I am completely unfamiliar with AVIRIS data and its processing, so there may be much simpler or better methods of accessing it of which I am unaware. However, I found and downloaded a smallish sample from the linked website as follows:
Reading the .hdr
file (which is ASCII fortunately), I was able to work out that the data are signed 16-bit integers, band-interleaved-by-pixel of 224 bands, and 735 samples/line and 2017 lines. So, I can then load the image and process it with Numpy
as follows:
import numpy as np
from PIL import Image
# Define datafile parameters
channels, samples, lines = 224, 735, 2017
# Load file and reshape
im = np.fromfile('f090710t01p00r11rdn_b_ort_img', dtype=np.int16).reshape(lines,samples,channels)
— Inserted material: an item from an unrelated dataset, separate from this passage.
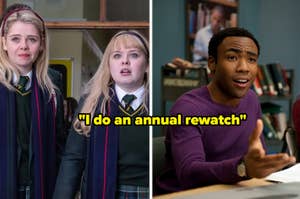 Two scenes from a TV show with schoolgirls in uniforms on the left, and a man in a purple sweater on the right with a quote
The data are signed integers in the range -32768...+32767, so if we add 32768 the data will be 0..65536 and then multiply by 255/65535 we should get a viewable, but not radiometrically correct, image to prove the reading from file:
# That's kind of all - just do crude scaling to show we have it correctly
a = (im.astype(np.float)+32768.0)*255.0/65535.0
Now select band 0, and save (using PIL, but we could use OpenCV or tifffile
):
Image.fromarray(a[:,:,0].astype(np.uint8)).save('result.png')
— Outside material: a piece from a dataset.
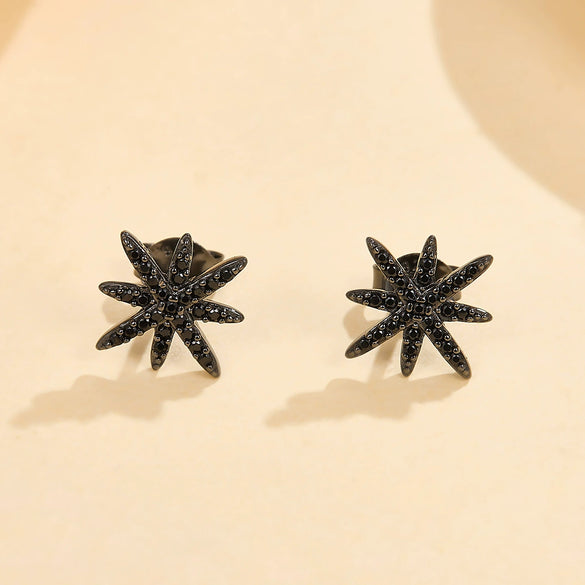 Wholesale S925 Sterling Silver Starshaped Inlaid Zircon Earrings Fashionable Stylish Design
Presumably you can now arrange the data however you like with Numpy
as we have read it successfully. So, say you want line 7 of band 4, you could use:
a[7,:,4]
Or line 0, all bands:
a[0,:,:]
If you wanted to make a false colour composite from 3 of the 224 bands, you can use np.dstack()
like this - my bands were chosen at random:
FalseColour = np.dstack((a[...,37], a[...,164], a[...,200])).astype(np.uint8)
Image.fromarray(FalseColour).save('result.png')
Keywords: Python, AVIRIS, hyperspectral image processing, hyper-spectral, band-interleaved by pixel, by line, planar, interlace.